[Data records — start]
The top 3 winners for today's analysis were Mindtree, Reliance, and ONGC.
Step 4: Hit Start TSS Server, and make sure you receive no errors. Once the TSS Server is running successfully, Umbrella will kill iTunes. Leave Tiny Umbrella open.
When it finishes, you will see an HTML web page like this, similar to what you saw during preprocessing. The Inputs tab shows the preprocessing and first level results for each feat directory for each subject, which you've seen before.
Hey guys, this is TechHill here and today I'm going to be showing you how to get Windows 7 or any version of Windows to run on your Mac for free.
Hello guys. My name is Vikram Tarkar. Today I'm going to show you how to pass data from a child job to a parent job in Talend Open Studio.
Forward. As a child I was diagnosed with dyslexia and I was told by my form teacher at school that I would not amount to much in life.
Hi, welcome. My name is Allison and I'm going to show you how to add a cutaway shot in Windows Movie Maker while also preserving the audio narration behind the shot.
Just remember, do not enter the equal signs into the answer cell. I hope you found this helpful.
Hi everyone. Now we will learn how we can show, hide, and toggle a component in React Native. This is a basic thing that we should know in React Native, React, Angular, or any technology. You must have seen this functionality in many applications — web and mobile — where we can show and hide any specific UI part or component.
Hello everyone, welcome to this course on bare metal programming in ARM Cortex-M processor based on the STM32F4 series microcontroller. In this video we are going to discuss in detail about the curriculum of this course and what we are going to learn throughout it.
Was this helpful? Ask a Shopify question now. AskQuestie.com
[Data records — finish]
[Data records — start]
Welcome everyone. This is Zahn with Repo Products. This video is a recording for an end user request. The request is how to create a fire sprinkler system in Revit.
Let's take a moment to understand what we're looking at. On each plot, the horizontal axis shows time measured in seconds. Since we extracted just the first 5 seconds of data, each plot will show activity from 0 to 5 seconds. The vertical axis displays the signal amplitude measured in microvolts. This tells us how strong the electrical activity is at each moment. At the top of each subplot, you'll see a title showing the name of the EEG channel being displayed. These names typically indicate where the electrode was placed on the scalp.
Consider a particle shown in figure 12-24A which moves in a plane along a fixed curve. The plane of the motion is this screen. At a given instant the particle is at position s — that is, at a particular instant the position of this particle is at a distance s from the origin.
[Data records — finish]
What is expected:
Please copy, exactly as written, every line in the listing above from the line with "Hi everyone. Now" up to and including the line with "Was this helpful?".

Result of this exercise:
Hi everyone. Now we will learn how we can show, hide, and toggle a component in React Native. This is a basic thing that we should know in React Native, React, Angular, or any technology. You must have seen this functionality in many applications — web and mobile — where we can show and hide any specific UI part or component.
Hello everyone, welcome to this course on bare metal programming in ARM Cortex-M processor based on the STM32F4 series microcontroller. In this video we are going to discuss in detail about the curriculum of this course and what we are going to learn throughout it.
Was this helpful? Ask a Shopify question now. AskQuestie.com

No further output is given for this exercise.